I'm not really into parallel processing and forgive me if I talk
nonsense :). From your stories I sketch the following possible
scenarios:

1. We use a sort of batch system. For instance, a Linux bash script with
10 recon-all commands or with 10 FSL feat commands. The system assigns
each individual command to the node with the least load and the output
data are automatically stored on a central (fi RAID) server. I guess
this is the way the UCLA FSL/MAC grid works, since I can see no need to
alter the software itself, if the applications are suitable to work from
and write to an external computer. I'll contact the group exactly how
they work. I guess we need very fast connections between the individual
servers and the storage host to do this.... I don't know PBS, but I
think this is exactly how the Sun grid engine works also, so maybe they
are comparable. Batches are submitted to the host and are processed one
at a time. In fact this is how I work myself right now sometimes when
I'm in a hurry. I copy all my FSL source data to different computers and
let each computer run a subset of the feat batch. By hand I group the
data afterwards and I perform only the group averaging on a single
computer.

2. We allow for more sophisticated parallelizing. You give the example
of assigning the reconstruction of left and right hemispheres
separately. This is the most elegant solution but implies rewriting the
code.

I think the second scenario would eventually be the most elegant but the
first scenario would be less difficult to implement.
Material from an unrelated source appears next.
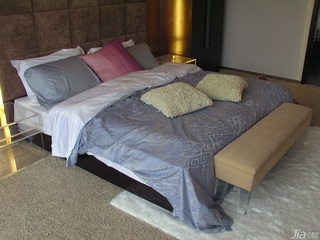 别墅温馨豪华型140平米以上卧室床效果图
In fact, I guess
most applications (like FSL, freesurfer, SPM) work with batches, so if
we have software that manages these batches we already have won a lot
(and it saves a lot of manual work.... ;(

What do you think?

Thank you,

Andries van der Leij

PS: here's a presentation with screenshots of the sun grid: it looks
fairly straightforward.

http://www.sun.com/products-n-solutions/edu/whitepapers/pdf/bioinformati
cs_supercomputer.pdf

PS2: Nick, are you Dutch?



-----Original Message-----
From: [EMAIL PROTECTED] [mailto:[EMAIL PROTECTED] On Behalf Of U.
Hasson
Sent: Wednesday, December 06, 2006 9:50 PM
To: Nick Schmansky
Cc: Andries van der Leij; Freesurfer Mailing List
Subject: Re: [Freesurfer] Freesurfer and Grid computing

At The Uni. of Chicago, we've been playing around with parallelizing
freesurfer on a 128 node grid (256 processors).  Developers have
parallelized  procedures (scripts) by unpacking "for" loops that
rotate across left and right hemispheres [i.e., they fork the
independent processing of left and right hemispheres to different
nodes running in parallel, whenever possible].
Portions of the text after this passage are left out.